IL POST DI STROPPA E I COLLEGAMENTI LEGA-M5S

Anche Stroppa, via facebook, ha replicato a Grillo, negando di essere dipendente di Carrai e sottolineando di non fare più parte da tempo di Cys4. Il cyber esperto ha difeso Buzzfeed e Nyt e ha rivendicato di essere la fonte dei due articoli. Però ha rigettato l’appartenenza al Pd di Renzi e anzi, rivolgendosi a Grillo, ha rivelato: “Nel 2013 ho votato M5S e se il programma sarà convincente non esiterò a votarvi nuovamente”.

Detto questo, ha ribadito i contenuti delle due inchieste, mettendo in dubbio la tesi del blog, ovvero che i siti di fake news siano opera di attivisti indipendenti. “Questi siti ogni giorno pubblicano decine di contenuti: articoli, immagini, video con grafiche. Vengono condivisi sulle pagine Facebook. Tutto questo lavoro coinvolge più specialità: chi gestisce il sito, chi crea i contenuti, chi elabora le grafiche, chi elabora le grafiche dei video, chi pubblica sui social, chi risponde ai commenti sulle pagine, chi risponde ai messaggi privati e via dicendo. Temo che sia un bel lavoro per un attivista indipendente”. Infine Stroppa, a proposito dei legami fra i siti pro-M5S e pro-Lega, si è chiesto chi sia l’ex attivista del M5S che, secondo la tesi dello spin doctor di Matteo Salvini, Luca Morisi, avrebbe poi contribuito a realizzare i siti pseudo-leghisti, generando “l’apparentamento” improprio. Questo ex attivista, di cui nessuno sin qui aveva fatto il nome, secondo il debunker David Puente, potrebbe essere un imprenditore napoletano, Marco Minogna, amico di Morisi (per stessa ammissione di quest’ultimo) e amico su facebook di Luigi Di Maio. Stroppa scrive che sarebbe “non proprio di un attivista indipendente, ma un personaggio con collegamenti con entrambi i vertici dei due partiti”.

LE TEMPISTICHE E I PRODROMI

In ogni caso, al netto dei contenuti dell’inchiesta di Buzzfeed, fino a prova contraria inconfutabili, è vero che la notizia era già uscita in passato, pur non suscitando l’eco di questi giorni.
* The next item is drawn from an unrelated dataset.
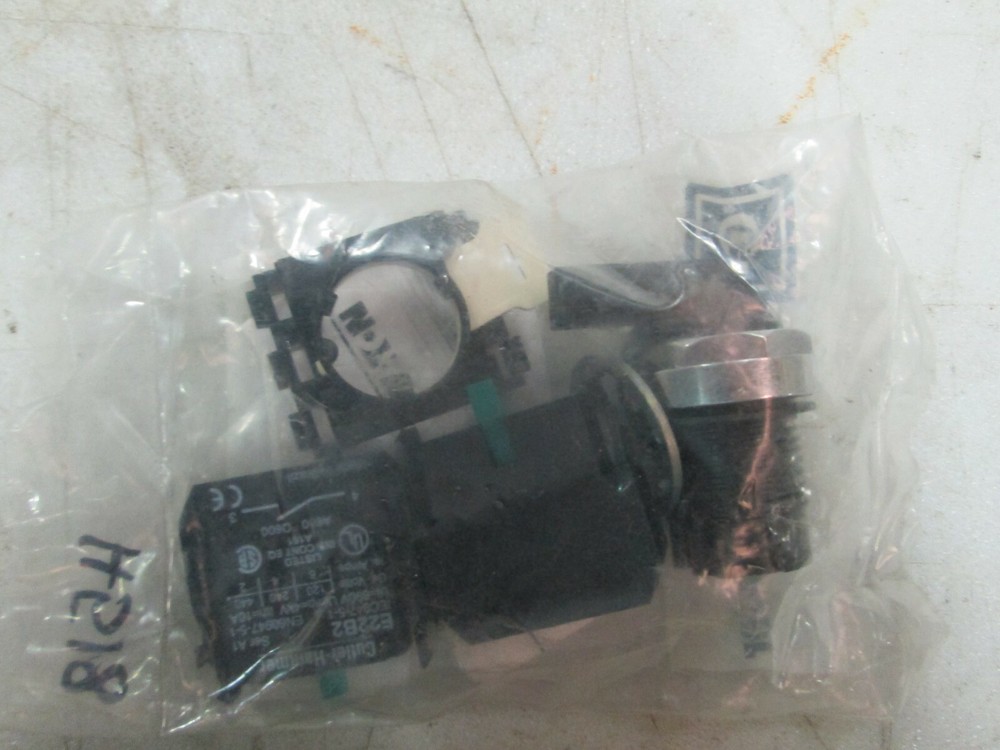 Cutler Hammer Selector Switch E22VL1D Sealed in Bag (NIB)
Lorenzo Romani, altro esperto informatico, ne aveva parlato sia su Twitter che su Affari Italiani. Poi in questi giorni è riesplosa, stavolta facendo molto più rumore, e proprio alla vigilia della Leopolda.
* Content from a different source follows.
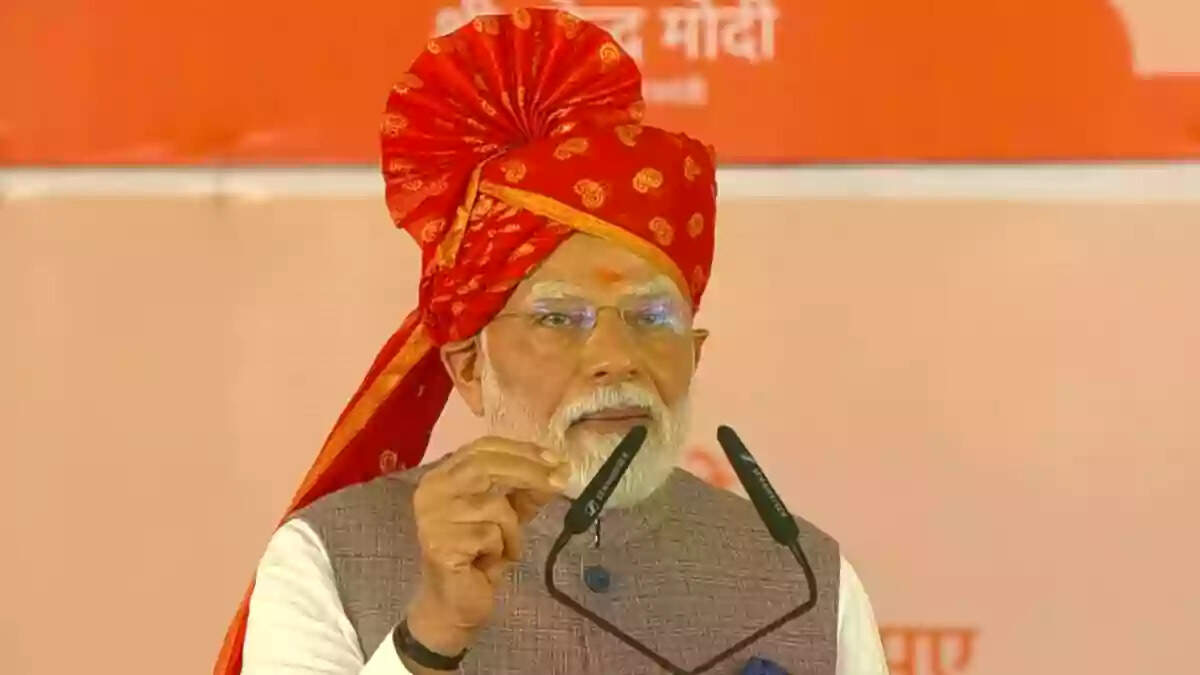 மகாராஷ்டிரா நிவாரண நிதிக்கு வெளிநாடுகளில் இருந்து நிதி பெற மத்திய அரசு அனுமதி!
L’OSCURAMENTO DI DIRETTA NEWS

Strettamente correlato alla vicenda, c’è l’oscuramento della pagine Facebook di Diretta News, uno dei siti accusati di diffondere fake news, citato dall’inchiesta di Buzzfeed. La decisione è stata assunta da Facebook stessa malgrado, scrive lo stesso Buzzfeed, non ci siano prove che la testata abbia commesso degli illeciti. Come rileva il blog Valigia Blu, si aprono quindi dei profili di legittimità della decisione di Facebook, che di fatto “opera in regime di semi- monopolio” ed è in grado di censurare – almeno sulla propria piattaforma – una testata che gode, come tutti del resto, di tutele costituzionali sulla libertà di espressione.